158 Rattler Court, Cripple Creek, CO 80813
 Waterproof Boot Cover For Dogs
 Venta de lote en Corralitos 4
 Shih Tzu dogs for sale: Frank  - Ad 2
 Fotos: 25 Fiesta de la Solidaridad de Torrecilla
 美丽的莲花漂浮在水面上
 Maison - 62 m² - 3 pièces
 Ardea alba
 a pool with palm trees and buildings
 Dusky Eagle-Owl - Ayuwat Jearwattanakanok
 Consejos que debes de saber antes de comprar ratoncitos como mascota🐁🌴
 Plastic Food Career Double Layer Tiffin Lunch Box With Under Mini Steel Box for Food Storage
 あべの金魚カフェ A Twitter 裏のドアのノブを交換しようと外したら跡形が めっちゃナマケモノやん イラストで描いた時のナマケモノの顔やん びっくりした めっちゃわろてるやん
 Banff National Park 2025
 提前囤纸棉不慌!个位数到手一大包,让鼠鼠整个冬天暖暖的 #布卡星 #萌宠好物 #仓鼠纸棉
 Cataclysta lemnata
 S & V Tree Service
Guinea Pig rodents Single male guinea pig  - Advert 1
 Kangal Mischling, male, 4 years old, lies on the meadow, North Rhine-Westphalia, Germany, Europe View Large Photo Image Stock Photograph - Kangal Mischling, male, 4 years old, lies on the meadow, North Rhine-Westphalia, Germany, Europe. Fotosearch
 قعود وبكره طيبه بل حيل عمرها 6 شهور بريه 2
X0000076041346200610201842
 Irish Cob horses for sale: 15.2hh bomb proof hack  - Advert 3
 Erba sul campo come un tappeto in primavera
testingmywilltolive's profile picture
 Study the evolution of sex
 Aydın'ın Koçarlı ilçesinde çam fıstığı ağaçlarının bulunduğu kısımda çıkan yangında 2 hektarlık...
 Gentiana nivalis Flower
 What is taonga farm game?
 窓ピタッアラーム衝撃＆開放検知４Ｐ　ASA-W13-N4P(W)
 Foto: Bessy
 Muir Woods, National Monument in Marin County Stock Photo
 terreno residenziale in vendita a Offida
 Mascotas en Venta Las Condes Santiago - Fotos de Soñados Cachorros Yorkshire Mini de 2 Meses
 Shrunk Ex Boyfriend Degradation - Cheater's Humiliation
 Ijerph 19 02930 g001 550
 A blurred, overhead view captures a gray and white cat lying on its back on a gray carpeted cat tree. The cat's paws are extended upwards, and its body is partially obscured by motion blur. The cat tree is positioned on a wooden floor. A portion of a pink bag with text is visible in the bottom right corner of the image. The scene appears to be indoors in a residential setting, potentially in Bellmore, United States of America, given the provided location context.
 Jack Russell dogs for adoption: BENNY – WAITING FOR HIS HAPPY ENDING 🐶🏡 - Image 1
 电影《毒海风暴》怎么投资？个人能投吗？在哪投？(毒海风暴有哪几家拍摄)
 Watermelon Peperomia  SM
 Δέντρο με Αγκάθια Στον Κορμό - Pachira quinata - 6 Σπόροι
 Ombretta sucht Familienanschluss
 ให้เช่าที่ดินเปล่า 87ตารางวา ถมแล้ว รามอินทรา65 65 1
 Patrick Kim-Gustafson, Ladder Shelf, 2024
--
TASK OBJECTIVE. Take the lines from the first line of the listing up to and including the line with "Dusky Eagle-Owl - Ayuwat Jearwattanakanok" and give them again exactly.

COMPLETED TASK.
158 Rattler Court, Cripple Creek, CO 80813
 Waterproof Boot Cover For Dogs
 Venta de lote en Corralitos 4
 Shih Tzu dogs for sale: Frank  - Ad 2
 Fotos: 25 Fiesta de la Solidaridad de Torrecilla
 美丽的莲花漂浮在水面上
 Maison - 62 m² - 3 pièces
 Ardea alba
 a pool with palm trees and buildings
 Dusky Eagle-Owl - Ayuwat Jearwattanakanok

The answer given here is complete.